Stephen Hoffman seaohveh at hoffmanlabs.invalid
Sat May 2 12:48:24 EDT 2015


On 2015-05-02 14:29:55 +0000, David Froble said:

> People like to throw around names for things.  Sometimes others aren't 
> very clear what the names mean.
> 
> To throw a question back at you, I'll ask, just what do you mean by 
> "open source"?
> 
> 1) Free software?
> 
> 2) Source code available to those who want to make modifications?
> 
> 3) Something else?
> 
> As usual, the devil is in the details.  So perhaps you could expound on 
> the details of what you are asking for?

Ayup.  Who is going to have the time and skills and servers and build 
environment and the funding to work on the code, too.   Linux started 
out and built a base in another era.

What would attract developers to OpenVMS?
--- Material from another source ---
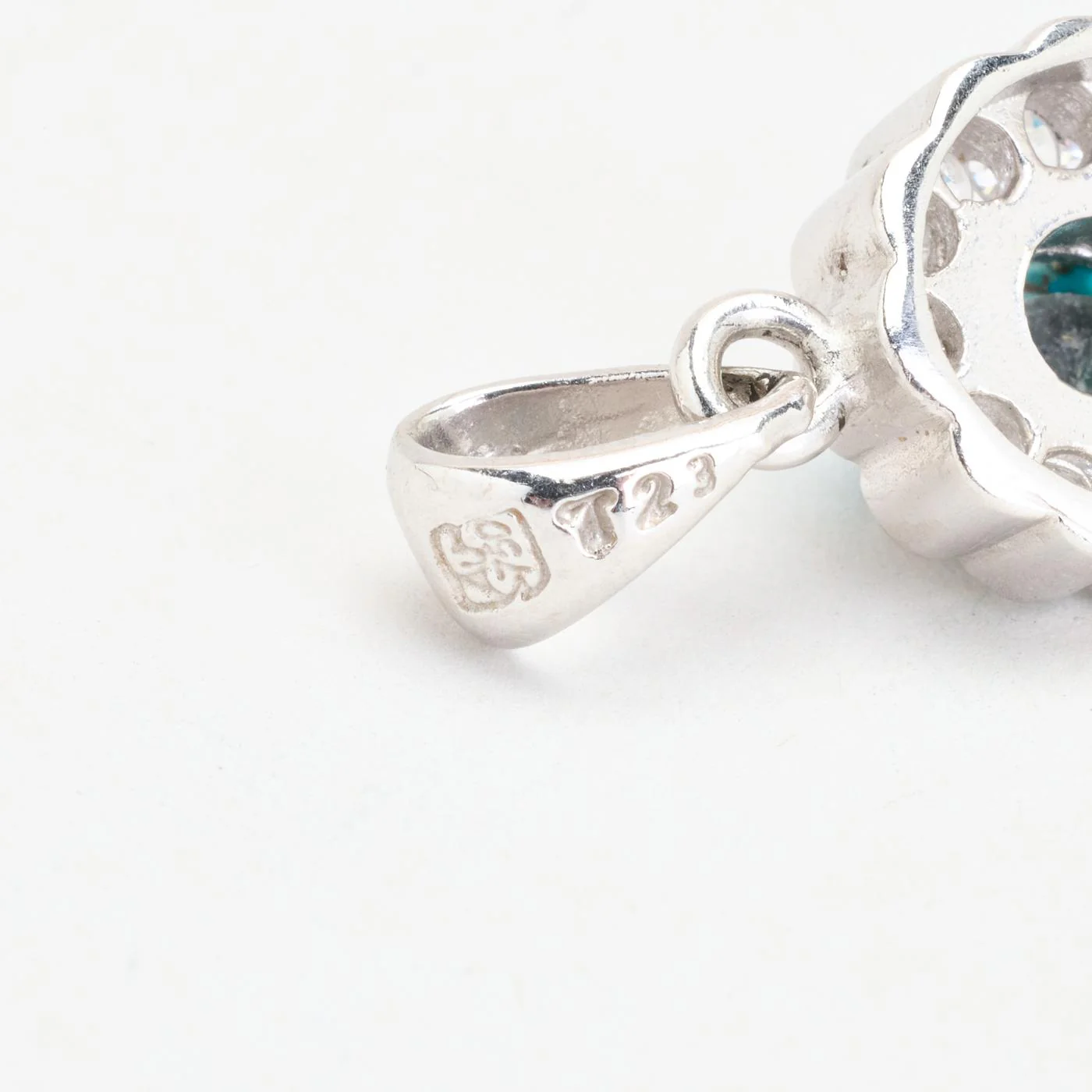 Roshänge i 18K vitt guld med en turkos och zirkonia, 2.2 cm, 4.37 g - Image 5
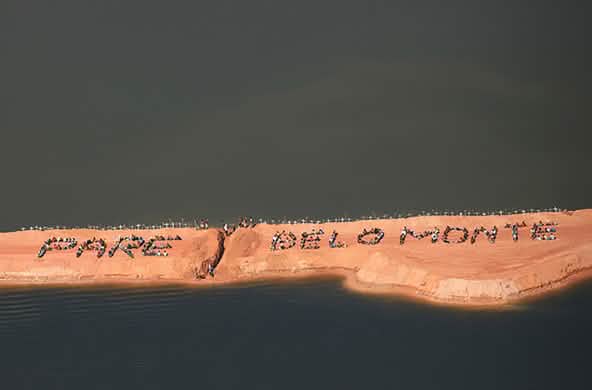 Una vista dall’alto: Fermate Belo Monte scritto su una spiaggia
Open-sourcing some software package does not magically instantiate 
herds of programmers ready and willing to work on the code, for that 
matter.

There's a huge pile of people and process and infrastructure required 
before that's even particularly feasible, too.

I'm one of the few folks around that has ported the existing OpenVMS 
build environment to another cluster, and that was a couple of weeks of 
effort to get the code transferred and databases and the rest of the 
baggage relocated and configured and running for just creating partial 
builds — which is what I needed, not full system builds — and I knew 
how the then-current OpenVMS build worked.

The source code and the build are just the tip of the effort involved 
in open-sourcing, too.  A successful project needs bug- and 
change-tracking, source code reviews and tracking, distributed source 
code management, getting legal reviews and open-source reviews and 
individual source code contributor legal sign-offs, documenting the 
build and the testing environments, and a whole host of details.   
Somebody to oversee and coordinate the efforts, too — without peeving 
too many of the potential contributors.  All surmountable, of course.  
None of these will be quick, and this would not be a cheap project.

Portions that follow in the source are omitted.